• **Data extracts**
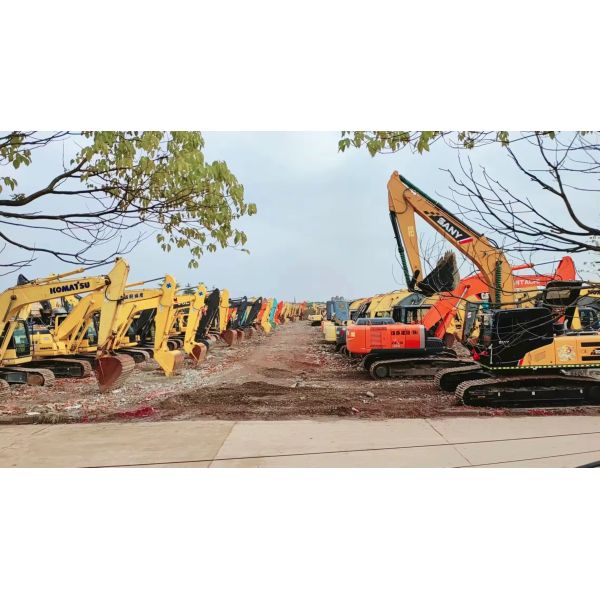 Cat 305.5e2 Excavator with Original Hydraulic Cylinder Used and in Good Condition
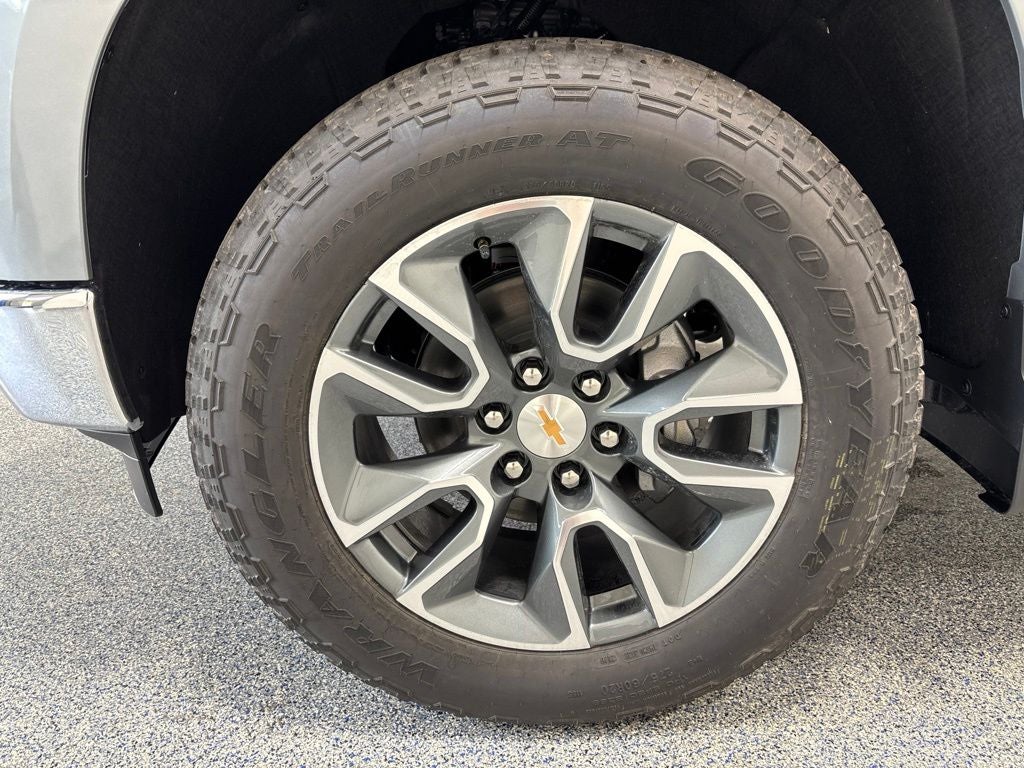 2026 Chevrolet Silverado 1500 LT LT1
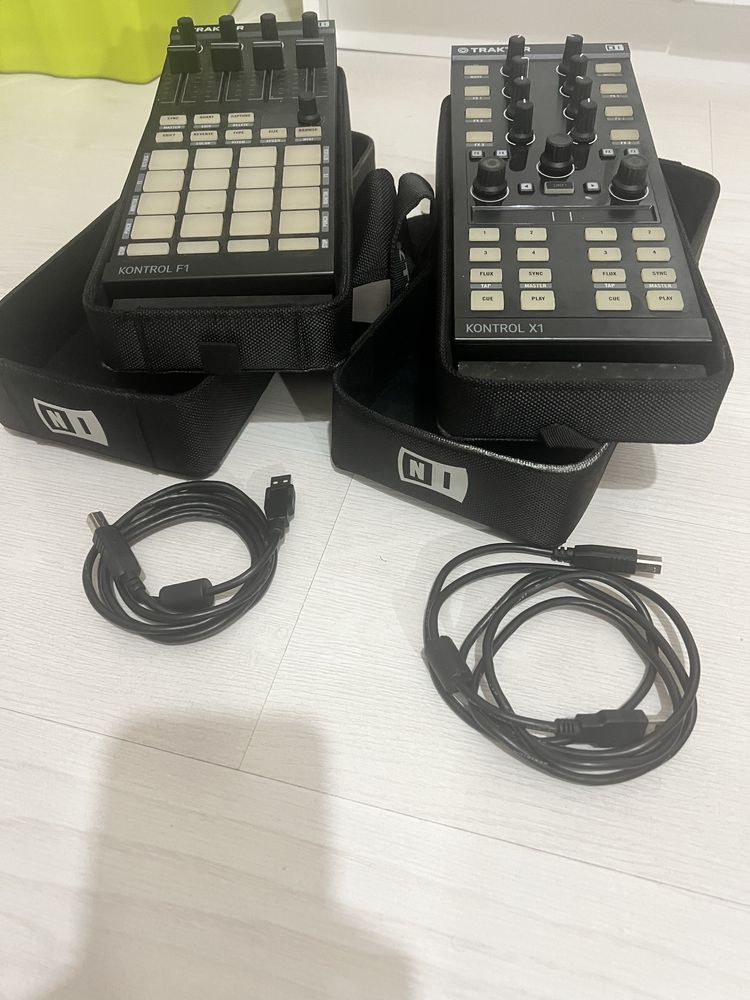 F1 e X1 TRAKTOR com cabos e malas originais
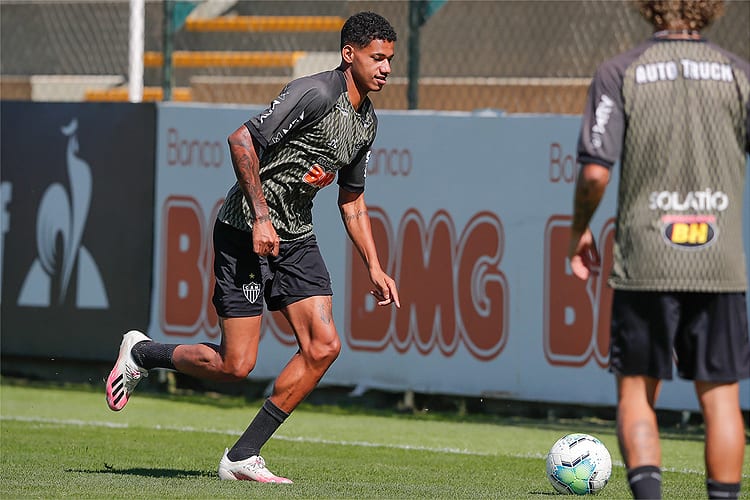 Com investimento milionário, Galo terá ataque renovado em clássico diante do América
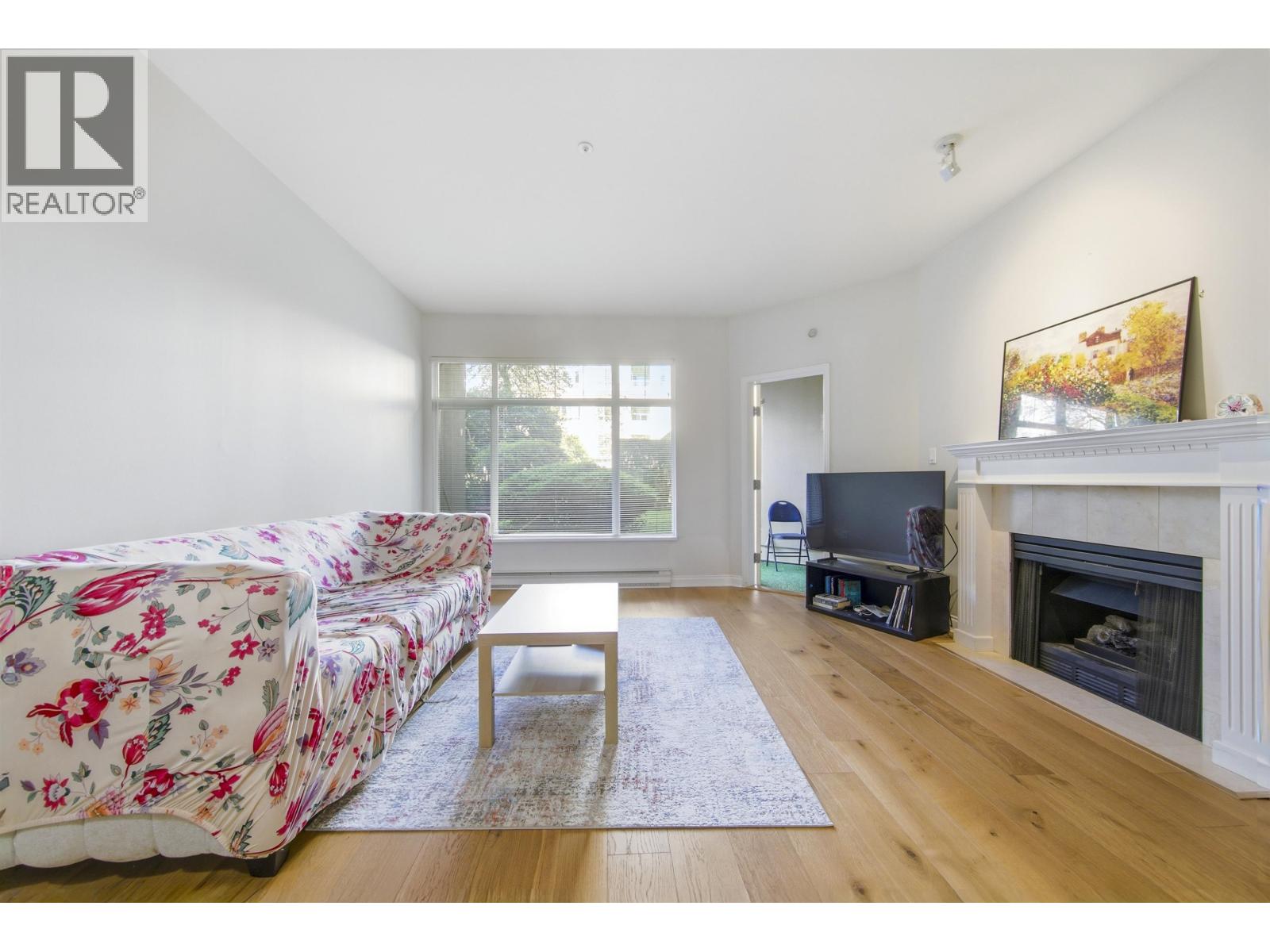 105 5735 Hampton Place Property Photo 4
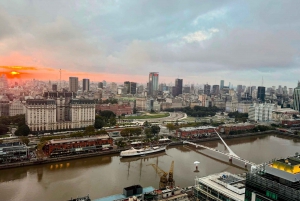 Buenos Aires après la tombée de la nuit : les lumières de la ville et le coucher du soleil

• **About this task**
Copy out the data exactly and keep the pictures out.

• **Result of the task**
 Cat 305.5e2 Excavator with Original Hydraulic Cylinder Used and in Good Condition
 2026 Chevrolet Silverado 1500 LT LT1
 F1 e X1 TRAKTOR com cabos e malas originais
 Com investimento milionário, Galo terá ataque renovado em clássico diante do América
 105 5735 Hampton Place Property Photo 4
 Buenos Aires après la tombée de la nuit : les lumières de la ville et le coucher du soleil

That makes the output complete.